ーはぁ、、こんな時間まで残業する気なんてなかったのに、、。朝霧の奴、自分で手に負えなくなったからそのまま置いて行ったな、、。
貧乏ゆすりをしながら、パソコンに向かった。
丁度1時間ほど経ったころに携帯のアラームが鳴った。
「はぁ、、。あと2ページ、、。」
肩を回すとゴキゴキと音が鳴る。朝霧の顔を浮かべながら拳を前に構えてストレートを決めた。朝霧はいい後輩だが、たまにこういうことをしてくるクソ野郎だ。
ー今のパンチで許してやろう、、。
フッと笑いながらまた、パソコンに向かった。朝霧が渡してきた58枚に書かれた文章はお粗末そのもので、頭を抱えた。

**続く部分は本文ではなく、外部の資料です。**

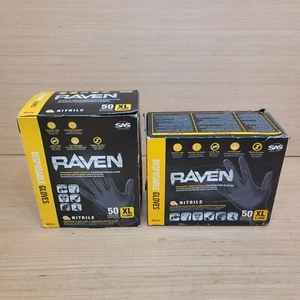 Guantes SAS Safety Raven 66519 sin polvo de nitrilo negro 7 mil XL 100ct (2x 50ct) - Imagen 1 de 4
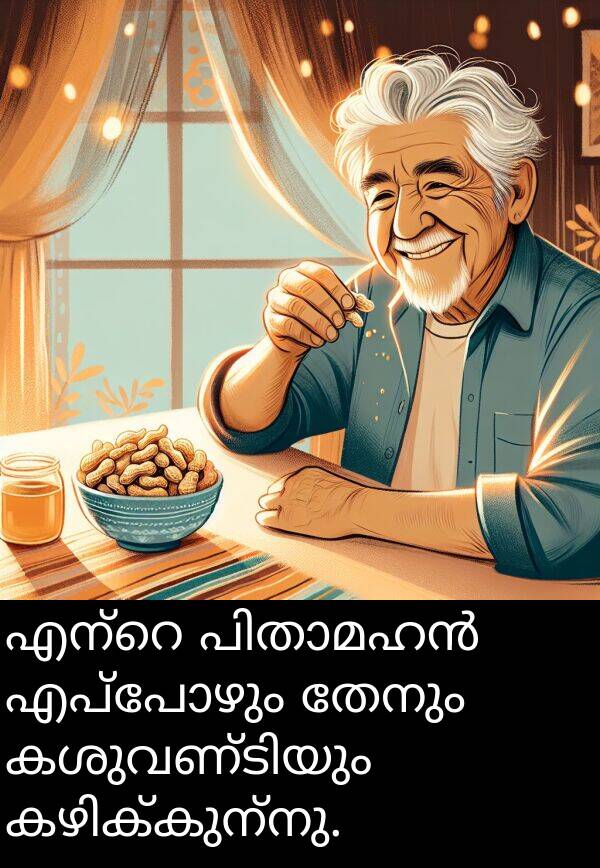 എപ്പോഴും: എന്റെ പിതാമഹൻ എപ്പോഴും തേനും കശുവണ്ടിയും കഴിക്കുന്നു.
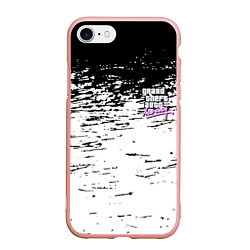 Чехол iPhone 7/8 матовый GTA vice city краски, цвет: 3D-светло-розовый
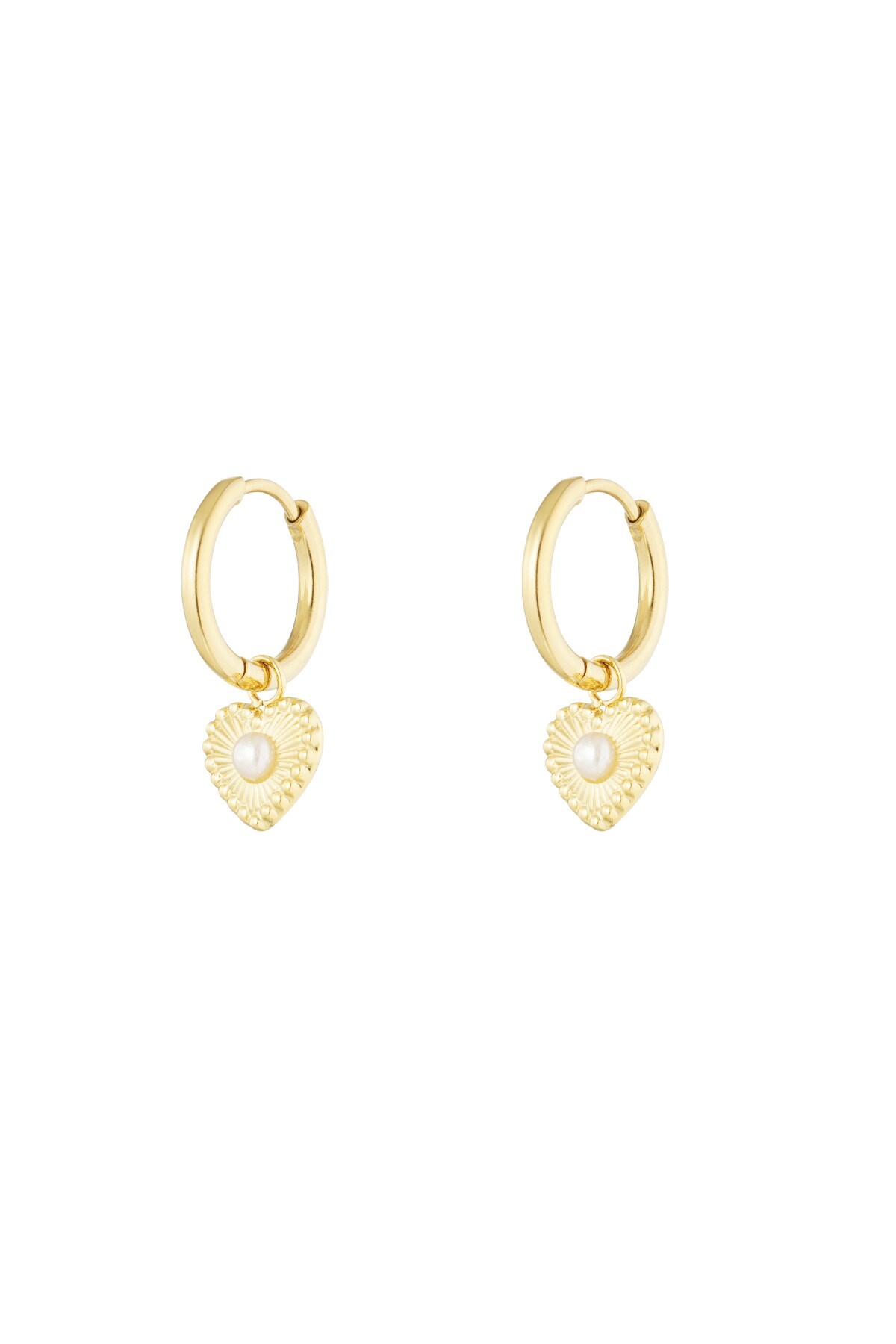 Earrings heart detail with pearl - Gold color h5 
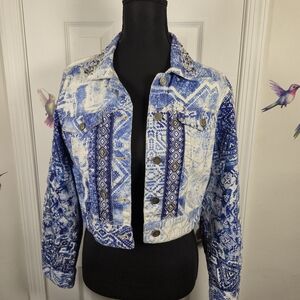 Chico's Beaded Aztec Print Blue Patterned Cropped Trucker Denim Jacket Size XS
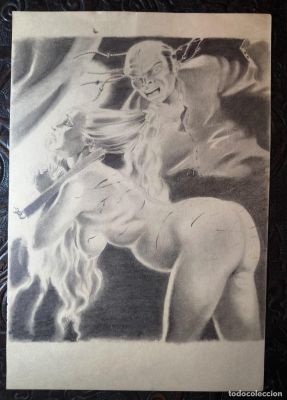 ILUSTRACIÓN DIBUJO A LÁPIZ. Boceto Trabajo. Cómic pulp horror erótico. Escuela Valenciana Años 60/70 | todocoleccion (Buy It Now)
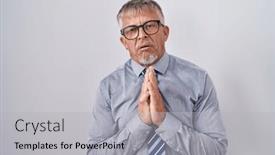 Presentation with praying hands - Theme enhanced with hispanic-business-man-with-grey background and a light gray colored foreground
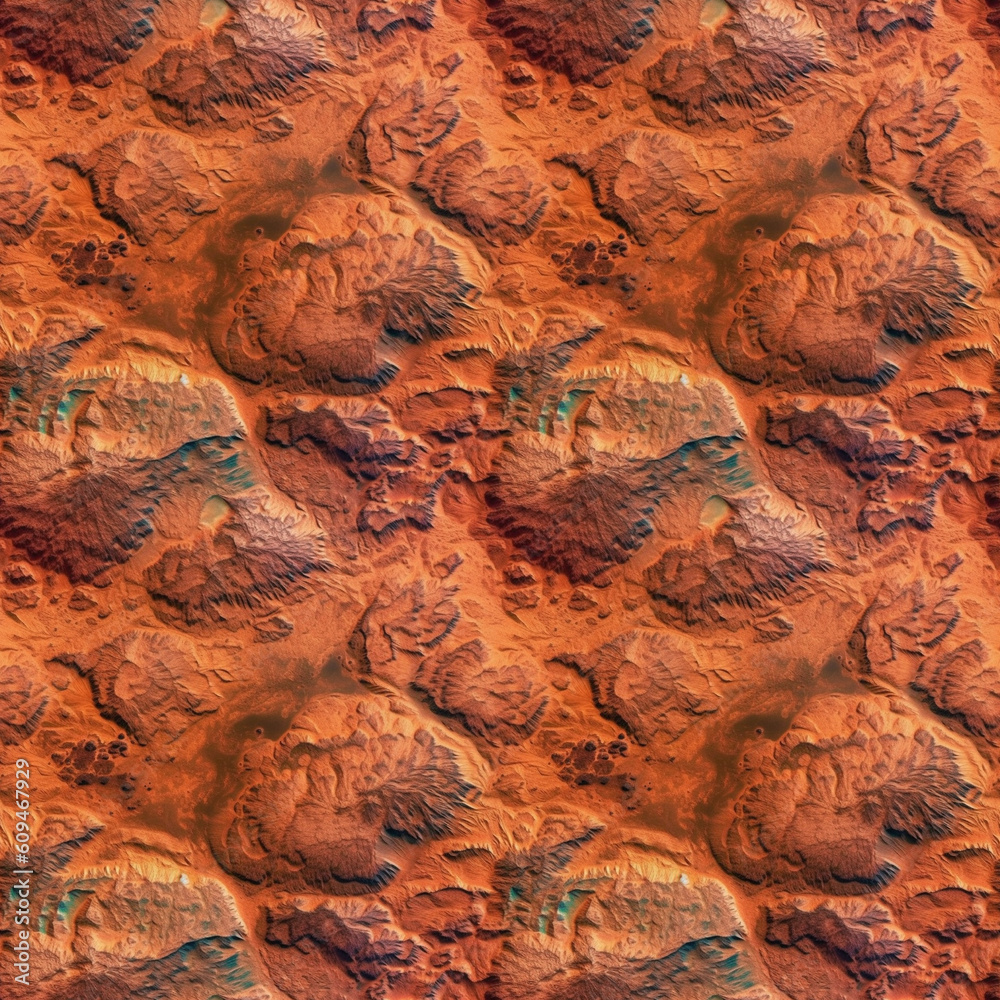 Obraz premium Top view Mars planet surface with hills. AI generative illustration.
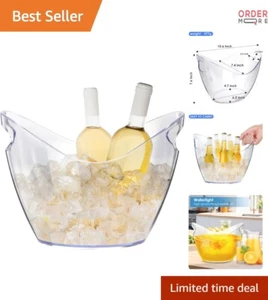 Ice Bucket Acrylic 4L Drink Tub for Wine Champagne Beer Parties Food Grade - Picture 1 of 11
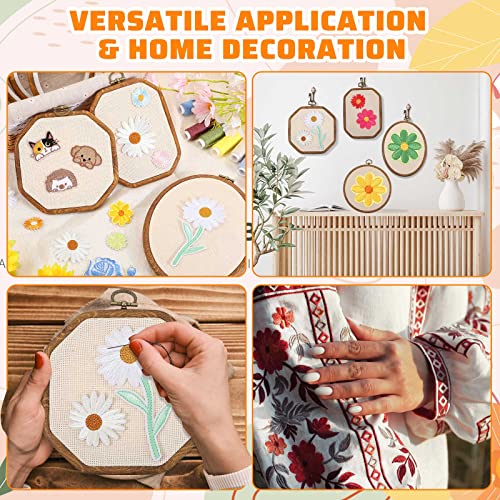 Qunclay 9 Pcs Embroidery Hoops Mixed Shape Imitation Wood,Mixed Shape - style: Mixed Shape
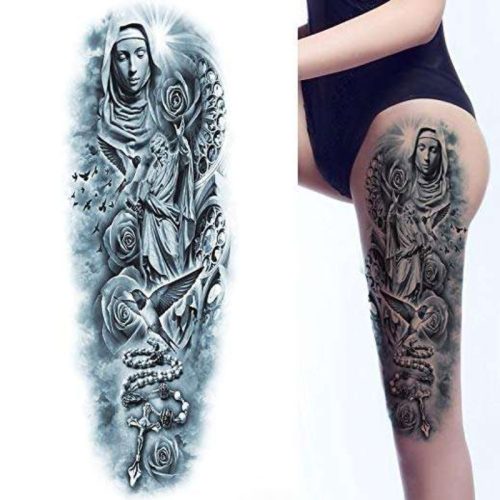 Woman Thigh Writing Tattoo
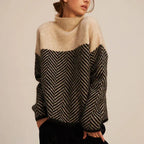 Pull Col Roulé Femme Motif Chevron Oversize Tricot Chaud Casual Hiver - Hiverline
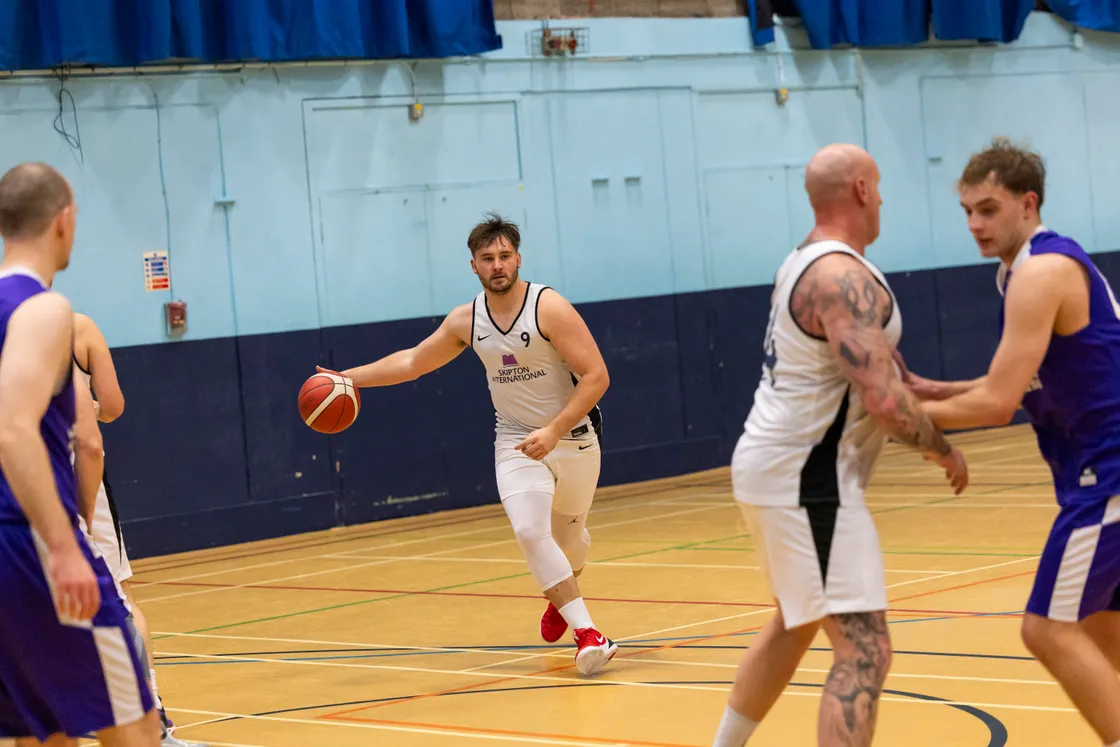 Ethan Brehaut bringing the ball forward for Skipton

ー無駄になった紙に謝ってもらいたいもんだ。だが、回した俺にも非はあるかもしれない。朝霧には早かったかぁ、、。
「はぁ、、」
ため息を吐きながら、エンターキーを小指で押した。背もたれに寄りかかると疲労が一気にやってくる。
ー我ながら頑張ったぞ、俺!20枚までにまとめて完璧な内容に仕上げた。明日の会議では1番目立たせて貰おう、、
ニヤリと笑いながら伸びをした。体がピシピシと悲鳴をあげる。コーヒーカップに手を伸ばしたが空だった。もうやることはないから帰れと言われているようだ、、。右側には「早く見て♡」と騒ぐ書類が積まれている。
「仕方ない、、。今日は会社に泊まるか、。」
覚悟を決めて、立ち上がり給湯室に向かった。
可愛らしいヒヨコちゃんの絵が書いてあるコップには"社畜LOVE"とかかれている。朝霧が誕生日にくれたものだった。憎たらしいヒヨコを、何度割ろうと思ったことだろうか、、。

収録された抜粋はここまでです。